Infelizmente, todas essas falas tão vivamente brasileiras têm em comum o fato de que a um terceiro (no masculino mesmo) é dada a responsabilidade de nos salvar - e talvez por isso a religião encontre tanta adesão na alma humana. Eu, sinceramente, nunca escapei a essa lógica, a qual vivi em duas fases: uma primeira, religiosa, até os 20 e poucos anos, em que eu realmente acreditava na necessidade de salvação (que atrai a culpa etc.); depois, numa fase mais epifânica, quando entendi que a terceirização da minha segurança tem sentido: sempre fui um homem salvo... pela linguagem! (Se, no princípio, era o Verbo, então - ufa! - sigo no bom caminho da palavra).
Na escrita (que cultivo desde os 13 anos), na leitura e nos livros que amo depositei o meu santuário e a minha divindade; aí, no livro, depositei a minha salvação.
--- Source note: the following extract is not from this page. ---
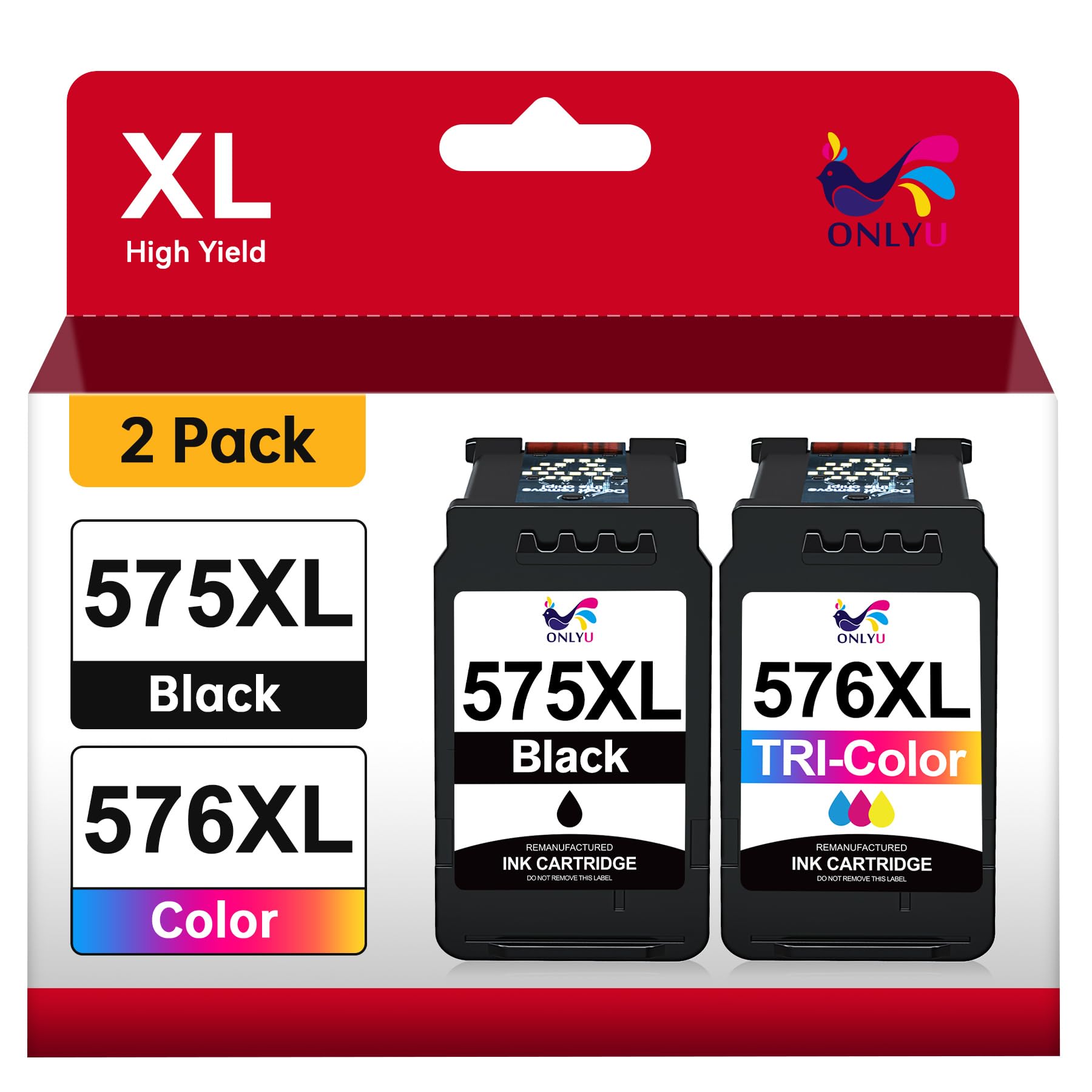 ONLYU 575XL 576XL Cartucce compatibili Nero e Tri-Colore per Canon 575 576 | compatibile con Canon PIXMA TR4755i TR4756i TS3752i TS3751i TS3550i TS3551i TS3750i TR4750i TR4751i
Por isso mesmo, em vez de um habitual "Deus me livre", preferirei sempre um "Deus me livro", pois é para o livro que quero ser guiado sempre, sem reserva. No livro está a minha redenção!
Sob este pretexto tão paradoxalmente metafísico e empírico, apresento a vocês a Deus me livro!, uma coluna que o LiteraturaBr carinhosamente me cedeu para publicar crônicas sobre livros, leituras e libertações por meio da palavra literária. Amém?
Quem ficar de fora, vai para o inferno - Deus me livro!